"We felt the impact...due to domestic and regional unrest, lower than expected raw tomato and chilli harvest coupled with some operational and organisational issues," the Abu Dhabi-listed firm said in a filing to the capital's bourse yesterday.
"We are currently in the midst of restructuring and streamlining the operation and developing a plan at turning around the business in the short to mid-term."
Agthia set up a manufacturing facility for tomato and chilli concentrate in 2009, when it made its first entry into the Egyptian food market. The tomatoes are sourced from farms located about 75km north-west of Cairo, near the company's main office.
Profits from across the group surged 54 per cent in the third quarter after the company successfully managed to cut costs.
Net income rose to Dh92 million (US$25m) in the quarter.
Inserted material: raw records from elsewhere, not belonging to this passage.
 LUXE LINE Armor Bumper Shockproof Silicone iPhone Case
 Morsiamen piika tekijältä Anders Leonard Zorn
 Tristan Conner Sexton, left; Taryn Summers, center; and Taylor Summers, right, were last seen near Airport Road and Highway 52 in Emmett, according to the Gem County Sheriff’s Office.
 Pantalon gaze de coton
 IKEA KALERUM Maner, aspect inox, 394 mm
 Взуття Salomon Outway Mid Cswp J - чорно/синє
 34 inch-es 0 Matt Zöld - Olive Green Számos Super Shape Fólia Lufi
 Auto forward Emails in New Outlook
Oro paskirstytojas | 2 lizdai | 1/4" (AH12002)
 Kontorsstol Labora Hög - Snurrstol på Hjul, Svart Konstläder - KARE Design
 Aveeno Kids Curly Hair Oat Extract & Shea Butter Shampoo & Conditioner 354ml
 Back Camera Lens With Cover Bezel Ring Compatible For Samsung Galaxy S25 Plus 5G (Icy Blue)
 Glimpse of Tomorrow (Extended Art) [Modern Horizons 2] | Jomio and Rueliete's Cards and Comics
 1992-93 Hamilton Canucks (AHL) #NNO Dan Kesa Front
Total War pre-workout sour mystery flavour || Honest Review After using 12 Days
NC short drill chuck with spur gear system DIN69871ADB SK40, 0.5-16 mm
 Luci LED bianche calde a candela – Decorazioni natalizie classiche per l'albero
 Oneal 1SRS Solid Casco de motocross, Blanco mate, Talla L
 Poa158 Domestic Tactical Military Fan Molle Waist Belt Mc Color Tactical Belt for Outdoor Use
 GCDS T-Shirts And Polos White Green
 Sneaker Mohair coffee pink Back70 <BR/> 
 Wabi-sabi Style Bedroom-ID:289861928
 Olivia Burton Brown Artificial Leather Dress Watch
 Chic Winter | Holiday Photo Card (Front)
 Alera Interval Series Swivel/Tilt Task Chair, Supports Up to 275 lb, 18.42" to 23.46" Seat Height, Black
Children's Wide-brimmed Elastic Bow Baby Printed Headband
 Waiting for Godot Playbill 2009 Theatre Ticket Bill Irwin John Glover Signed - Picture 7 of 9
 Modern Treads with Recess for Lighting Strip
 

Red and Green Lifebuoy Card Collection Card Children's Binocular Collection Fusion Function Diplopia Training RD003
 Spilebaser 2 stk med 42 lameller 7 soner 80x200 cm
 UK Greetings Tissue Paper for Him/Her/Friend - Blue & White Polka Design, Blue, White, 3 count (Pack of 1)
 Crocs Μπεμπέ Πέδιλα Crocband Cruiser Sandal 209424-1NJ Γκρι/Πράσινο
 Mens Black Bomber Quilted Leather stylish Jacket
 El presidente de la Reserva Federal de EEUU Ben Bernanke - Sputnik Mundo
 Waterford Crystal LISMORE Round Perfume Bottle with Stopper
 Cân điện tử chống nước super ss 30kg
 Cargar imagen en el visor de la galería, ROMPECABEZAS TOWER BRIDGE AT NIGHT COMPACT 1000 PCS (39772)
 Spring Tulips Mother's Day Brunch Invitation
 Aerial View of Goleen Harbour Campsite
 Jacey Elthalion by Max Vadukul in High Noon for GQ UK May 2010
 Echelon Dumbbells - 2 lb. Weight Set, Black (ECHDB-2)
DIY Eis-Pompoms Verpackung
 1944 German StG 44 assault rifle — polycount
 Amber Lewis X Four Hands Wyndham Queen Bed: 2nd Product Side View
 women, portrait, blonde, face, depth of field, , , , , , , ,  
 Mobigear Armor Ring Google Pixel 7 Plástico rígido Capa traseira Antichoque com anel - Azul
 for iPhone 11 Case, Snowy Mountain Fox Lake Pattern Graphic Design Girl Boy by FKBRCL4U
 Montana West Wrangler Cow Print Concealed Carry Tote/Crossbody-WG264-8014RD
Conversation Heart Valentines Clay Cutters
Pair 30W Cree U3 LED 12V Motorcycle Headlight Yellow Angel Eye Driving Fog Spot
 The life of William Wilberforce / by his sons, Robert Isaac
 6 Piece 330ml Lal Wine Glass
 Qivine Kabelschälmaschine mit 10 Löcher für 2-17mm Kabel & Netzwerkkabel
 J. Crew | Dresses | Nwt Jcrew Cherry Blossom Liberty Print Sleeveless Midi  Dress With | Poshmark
Agthia did not provide figures for last year.
Profit growth was driven by higher margins "resulting particularly from competitive procurement in grains, cost-saving initiatives, production capacity increases of flour and feed mills, displacing outsourcing and price increases", said Agthia.
Agthia is an important player in Abu Dhabi's food security strategy and is 51 per cent owned by the Government through the conglomerate Senaat.
It is split into three divisions: consumer, agriculture and Egypt.
The consumer business includes the production and distribution of Al Ain bottled water, frozen vegetable products, Isklar water, Chiquita juices and Yoplait dairy products.
Yoplait claims to be the second-largest brand in terms of sales in the fresh dairy product category worldwide and the biggest in the United States and Australia.
Agthia said it incurred losses of Dh21m in its consumer food segment, "mainly dairy and Egypt".
The company said it remained "optimistic" and expected another year of good business performance.
"Although the commodity market volatility and regional unrest are certainly challenging, we are progressing on our long-term strategy."